Records to process:
=======

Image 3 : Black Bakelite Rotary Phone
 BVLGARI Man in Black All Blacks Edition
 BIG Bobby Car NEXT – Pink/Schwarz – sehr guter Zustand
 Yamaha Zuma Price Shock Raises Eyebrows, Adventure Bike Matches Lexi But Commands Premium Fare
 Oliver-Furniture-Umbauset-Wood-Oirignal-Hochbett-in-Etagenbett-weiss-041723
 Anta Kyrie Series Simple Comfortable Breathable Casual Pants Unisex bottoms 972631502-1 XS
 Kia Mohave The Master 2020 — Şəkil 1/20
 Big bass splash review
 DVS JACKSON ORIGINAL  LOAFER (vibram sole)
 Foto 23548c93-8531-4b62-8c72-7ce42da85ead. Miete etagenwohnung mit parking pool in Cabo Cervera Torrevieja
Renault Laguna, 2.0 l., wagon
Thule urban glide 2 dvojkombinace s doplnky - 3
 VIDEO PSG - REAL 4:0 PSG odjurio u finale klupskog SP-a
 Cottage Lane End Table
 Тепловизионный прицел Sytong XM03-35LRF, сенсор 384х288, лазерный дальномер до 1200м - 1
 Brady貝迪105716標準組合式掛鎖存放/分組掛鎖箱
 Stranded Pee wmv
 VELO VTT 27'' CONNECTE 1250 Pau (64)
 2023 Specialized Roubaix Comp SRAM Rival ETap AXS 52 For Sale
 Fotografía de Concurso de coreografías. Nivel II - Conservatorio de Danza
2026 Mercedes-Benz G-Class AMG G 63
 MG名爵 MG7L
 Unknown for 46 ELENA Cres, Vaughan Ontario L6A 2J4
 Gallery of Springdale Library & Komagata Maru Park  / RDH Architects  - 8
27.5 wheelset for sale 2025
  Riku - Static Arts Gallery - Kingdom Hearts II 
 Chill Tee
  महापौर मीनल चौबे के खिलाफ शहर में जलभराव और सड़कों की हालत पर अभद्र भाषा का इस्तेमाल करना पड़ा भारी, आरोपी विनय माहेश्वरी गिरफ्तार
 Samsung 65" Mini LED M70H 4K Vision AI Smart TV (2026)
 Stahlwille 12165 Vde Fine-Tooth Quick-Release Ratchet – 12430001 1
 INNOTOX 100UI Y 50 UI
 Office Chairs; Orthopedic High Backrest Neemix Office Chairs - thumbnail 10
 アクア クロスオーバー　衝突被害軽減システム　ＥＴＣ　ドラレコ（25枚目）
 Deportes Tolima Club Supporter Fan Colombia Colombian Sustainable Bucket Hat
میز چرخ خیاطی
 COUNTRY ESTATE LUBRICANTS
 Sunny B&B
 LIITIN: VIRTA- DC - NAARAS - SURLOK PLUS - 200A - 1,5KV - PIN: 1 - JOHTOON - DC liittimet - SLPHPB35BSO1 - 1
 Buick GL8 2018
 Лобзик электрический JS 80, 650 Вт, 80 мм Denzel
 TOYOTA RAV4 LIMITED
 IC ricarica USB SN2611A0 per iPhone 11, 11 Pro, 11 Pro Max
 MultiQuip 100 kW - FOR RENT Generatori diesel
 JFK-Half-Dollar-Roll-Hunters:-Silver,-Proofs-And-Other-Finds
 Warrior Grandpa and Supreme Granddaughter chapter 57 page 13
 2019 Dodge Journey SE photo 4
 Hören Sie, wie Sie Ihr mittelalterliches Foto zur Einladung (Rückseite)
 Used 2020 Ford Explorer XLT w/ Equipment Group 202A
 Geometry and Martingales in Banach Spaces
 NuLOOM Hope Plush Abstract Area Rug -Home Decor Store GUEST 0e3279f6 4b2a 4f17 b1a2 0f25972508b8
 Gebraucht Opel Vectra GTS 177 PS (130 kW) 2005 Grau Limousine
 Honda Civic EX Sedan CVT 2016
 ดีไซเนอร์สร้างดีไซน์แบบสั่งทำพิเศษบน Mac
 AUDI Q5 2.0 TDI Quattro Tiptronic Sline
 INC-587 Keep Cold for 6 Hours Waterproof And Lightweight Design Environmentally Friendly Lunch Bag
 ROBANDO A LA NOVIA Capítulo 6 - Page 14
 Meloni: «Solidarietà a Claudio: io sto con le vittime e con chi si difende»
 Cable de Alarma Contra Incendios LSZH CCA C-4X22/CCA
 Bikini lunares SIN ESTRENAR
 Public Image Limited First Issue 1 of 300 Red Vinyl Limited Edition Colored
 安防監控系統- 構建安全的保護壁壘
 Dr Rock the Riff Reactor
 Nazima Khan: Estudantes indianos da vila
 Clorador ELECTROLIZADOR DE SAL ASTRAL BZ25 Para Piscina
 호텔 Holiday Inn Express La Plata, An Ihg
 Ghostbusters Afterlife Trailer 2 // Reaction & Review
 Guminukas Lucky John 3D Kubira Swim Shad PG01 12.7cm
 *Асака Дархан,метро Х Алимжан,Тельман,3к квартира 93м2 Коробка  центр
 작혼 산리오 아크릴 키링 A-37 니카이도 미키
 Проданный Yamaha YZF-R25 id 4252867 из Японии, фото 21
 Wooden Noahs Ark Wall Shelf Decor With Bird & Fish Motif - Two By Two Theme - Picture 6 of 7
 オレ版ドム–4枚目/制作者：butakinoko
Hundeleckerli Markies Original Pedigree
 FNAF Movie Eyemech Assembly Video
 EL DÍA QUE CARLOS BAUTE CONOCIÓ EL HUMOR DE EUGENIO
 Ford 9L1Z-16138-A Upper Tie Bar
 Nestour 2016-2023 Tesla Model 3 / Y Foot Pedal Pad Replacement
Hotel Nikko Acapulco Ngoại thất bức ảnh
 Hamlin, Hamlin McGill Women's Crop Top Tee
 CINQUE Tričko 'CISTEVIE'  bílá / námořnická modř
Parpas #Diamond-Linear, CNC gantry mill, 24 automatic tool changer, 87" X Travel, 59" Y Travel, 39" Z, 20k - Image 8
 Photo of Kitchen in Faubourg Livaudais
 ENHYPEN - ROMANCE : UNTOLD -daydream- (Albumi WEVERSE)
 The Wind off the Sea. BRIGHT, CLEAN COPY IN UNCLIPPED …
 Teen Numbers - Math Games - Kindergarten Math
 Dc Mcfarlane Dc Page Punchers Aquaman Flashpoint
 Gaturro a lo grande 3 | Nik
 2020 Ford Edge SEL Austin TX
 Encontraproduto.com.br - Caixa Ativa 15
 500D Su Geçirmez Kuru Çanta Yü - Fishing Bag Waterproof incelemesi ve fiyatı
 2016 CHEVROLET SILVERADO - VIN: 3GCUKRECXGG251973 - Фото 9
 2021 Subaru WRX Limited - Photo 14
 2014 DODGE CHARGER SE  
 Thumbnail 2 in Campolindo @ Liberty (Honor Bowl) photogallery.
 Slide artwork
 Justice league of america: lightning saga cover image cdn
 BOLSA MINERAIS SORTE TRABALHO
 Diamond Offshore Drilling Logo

=======

Task item: Of the entries listed above, reproduce only the lines starting at the line containing "Anta Kyrie Series" and ending at the line containing "27.5 wheelset for sale 2025". Include both, exactly as they stand.

Task output:
 Anta Kyrie Series Simple Comfortable Breathable Casual Pants Unisex bottoms 972631502-1 XS
 Kia Mohave The Master 2020 — Şəkil 1/20
 Big bass splash review
 DVS JACKSON ORIGINAL  LOAFER (vibram sole)
 Foto 23548c93-8531-4b62-8c72-7ce42da85ead. Miete etagenwohnung mit parking pool in Cabo Cervera Torrevieja
Renault Laguna, 2.0 l., wagon
Thule urban glide 2 dvojkombinace s doplnky - 3
 VIDEO PSG - REAL 4:0 PSG odjurio u finale klupskog SP-a
 Cottage Lane End Table
 Тепловизионный прицел Sytong XM03-35LRF, сенсор 384х288, лазерный дальномер до 1200м - 1
 Brady貝迪105716標準組合式掛鎖存放/分組掛鎖箱
 Stranded Pee wmv
 VELO VTT 27'' CONNECTE 1250 Pau (64)
 2023 Specialized Roubaix Comp SRAM Rival ETap AXS 52 For Sale
 Fotografía de Concurso de coreografías. Nivel II - Conservatorio de Danza
2026 Mercedes-Benz G-Class AMG G 63
 MG名爵 MG7L
 Unknown for 46 ELENA Cres, Vaughan Ontario L6A 2J4
 Gallery of Springdale Library & Komagata Maru Park  / RDH Architects  - 8
27.5 wheelset for sale 2025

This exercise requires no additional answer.